The contrast between the Sunderland struggling in the Premier League and the Sunderland excelling in both cup competitions is so stark that it’s almost alarming.
Last week the Uruguayan has vented his frustrations at such a dearth in consistency.
There’s no doubt that the cup competitions have been of benefit to the Black Cats.
The confidence they have gained from seeing off the likes of Chelsea and Manchester United to reach the Capital One Cup final has definitely translated to league performances and the team’s best spell of the season in the league was, arguably, in and around the time of the semi-final matches against United.
The reason Gus Poyet’s men still find themselves entrenched in the relegation battle is that lack of consistency.
If they gave points for winning rounds in the cup competitions then Sunderland would be on exactly the same total they are currently on, having only played a third of the games they have in the league.
It’s startling, quite frankly.
As Sunderland head into the most important part of their Premier League season, however, this cup success can suddenly look like somewhat of a hindrance to the Black Cats’ ultimate goal of Premier League survival.
Progressing to the League Cup final means the home game against West Brom has to be rearranged and overcoming Southampton in the FA Cup this weekend leaves the away fixture at Liverpool to receive the same treatment.
Throw in the postponed match against Manchester City and potential FA Cup replays and Sunderland are facing a serious fixture congestion at the tail end of the season.
Just this week, Hull boss Steve Bruce lambasted the fixture pile-up his side are facing after their draw with Brighton in the FA Cup and it is likely to be worse for Sunderland.
UEFA regulations state that no Premier League games can be rearranged for the same night as a Champions League or Europa League round of fixtures and so this means none of the Black Cats’ games can be rearranged for before April.

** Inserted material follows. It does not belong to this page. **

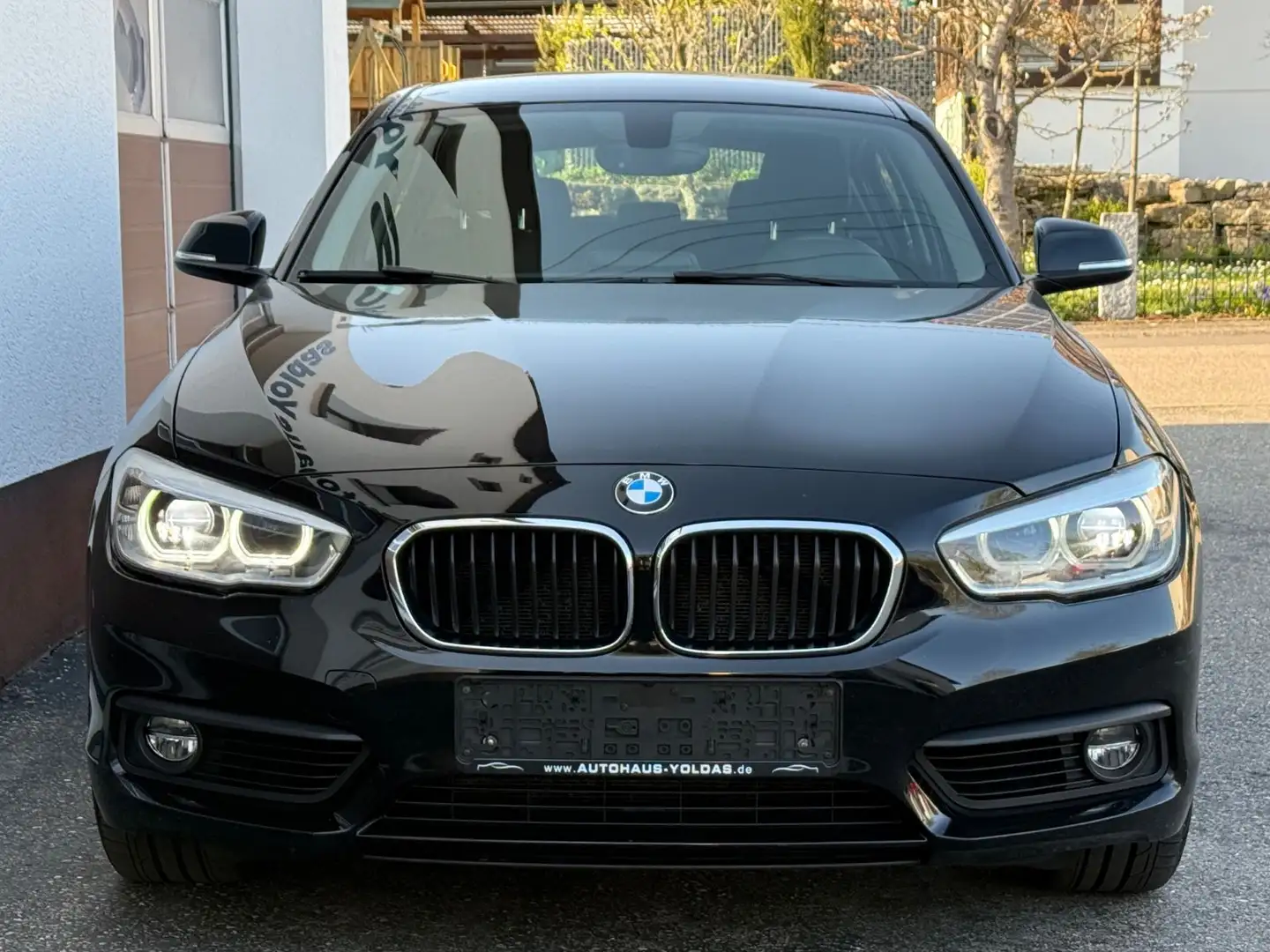 BMW 120 i Advantage Navi*LED*Sitzhz*Top Zustand* Negru - 2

This could leave Gus Poyet’s men facing the exhaustive prospect of playing Saturday-Wednesday from April till the end of the season. The only other option would be to play on the Monday of a European football week, but playing Saturday and Monday is something you’d imagine Poyet and his counterparts will be keen to avoid.
You only have to look at Wigan last season to see the impact that such a hectic period of fixtures can have.
While they might have had the glory of lifting the FA Cup, they ultimately lost their Premier League status as their small squad couldn’t keep up with the demands of playing so regularly.
The fact that the Latics, in prior years, tended to save their relegation-repelling form for the last third of the season suggests how fatal an impact their run in the FA Cup may well have had.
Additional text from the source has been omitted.